For implementation, I have tried several strategies and skills. The ones that stuck are the ones now built into Harness.

/implement reads the specs, classifies which features can be done AFK and which ones need human approval, and implements the current phase as vertical slices. That part matters: it does not send one agent to do "the frontend" and another to do "the backend." Each agent implements one feature end to end, from the user-facing entry point down to whatever data layer it needs.

/qa comes after that and tests those features against their acceptance criteria. It does not stop at running the test suite. For an API it can use curl, for a CLI it can run commands with fixtures, for a web app it can use Playwright. The point is to verify visible behavior.
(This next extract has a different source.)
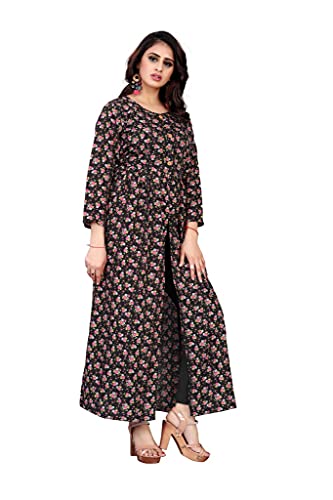 Image of H.E HAMZA ENTERPRISER Printed Crepe Material Brown Western Dress For Women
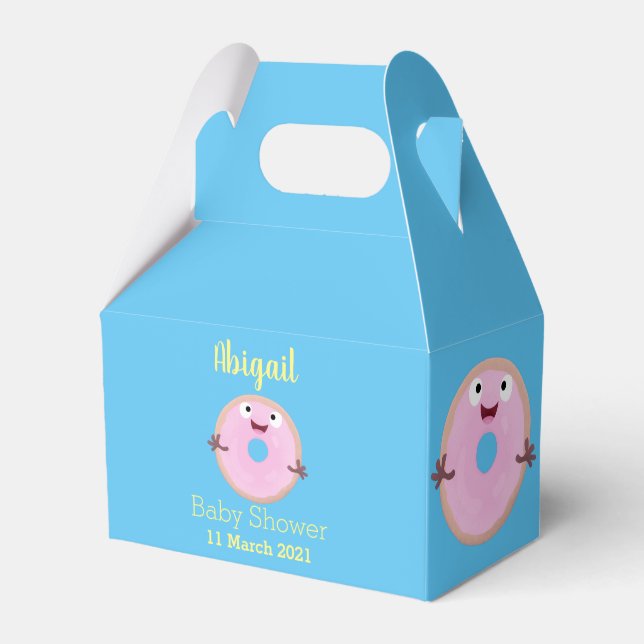 Cute happy pink glazed donut cartoon  favor boxes (Front Side)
There are also continuity skills: /update-docs syncs docs with the real state of the code, /next-step inspects the repo and recommends what should happen next, /handoff leaves a summary so the next session does not start blind, and /task handles small changes on shipped products.

Worktrees are still the main piece for parallelization. Several agents can work on the same repo, on the same machine, in different branches, without stepping on each other.

Magic.

So, once the tools are on the table, the only thing left is to put the agents to work. I choose two projects and two roadmap items, open a terminal session and a worktree for each one, and start them before Leo wakes up.

The important part here is not having many tools. The important part is that each tool receives something clearer than a loose prompt written in a hurry. It gets context, goals, constraints, acceptance criteria, and a reasonable idea of when to stop.

That, for me, is the big difference between asking an agent for something and working with specs.

You can copy the shape without copying Harness: write down the problem, the constraints, the user flow, the non-goals, the acceptance criteria, and the weird edge cases you already know about. That alone removes a lot of the ambiguity that agents otherwise fill with confidence.

The afternoon nap

During the first nap of the afternoon, it is time to review the code generated by the agents.

I run the code review in each worktree. If it finds something, I review it manually, test it, and if there is something I do not like, I guide the agent to fix it. When everything is in order, I merge directly into main, no PRs or anything, full YOLO style. They are personal projects where I am the only one working, after all.

That does not mean there is no review. I am more and more convinced that review is the central part of the work. It just does not always look like opening a PR and waiting for checks. In these projects, review is me testing the flow, reading the diff, spotting weird assumptions, and deciding whether the result still matches the original intent.

Finally, when everything is integrated, I run /update-docs so the project documents, the README, and the Harness specs do not drift away from the code.

One of the fastest ways to lose control of a project with agents is to let documentation fall behind. If the next session starts with old context, the agent will work on a reality that no longer exists.

And after that? Well, if it has not happened already, there is probably a diaper change waiting for me, some play time, some drool and babbling... honestly, I am completely in love with this baby.

It does not feel like programming

This new way of approaching software engineering does not feel like programming. And that is not necessarily bad.

Code has become cheaper, faster, and more accessible, but ideas, taste, instinct, and high-level knowledge are, from my point of view, the most valuable things right now. It is very easy to generate a lot of mediocre code quickly if you are not clear about what you are trying to build.

Working this way has allowed me to move forward in a way I could not have before, bring back projects that were practically dead, and at the same time enjoy time with my little one. Of course, it does not always go well. I have had bad experiences because of vague specs, hidden context, and incorrect implementations that had to be rolled back.

But that is where I have learned the most.

Taking specs seriously has not been an aesthetic decision or a trend. It has been a way to move one level up, wear product and architecture hats, and build something solid even when I only have one nap ahead of me.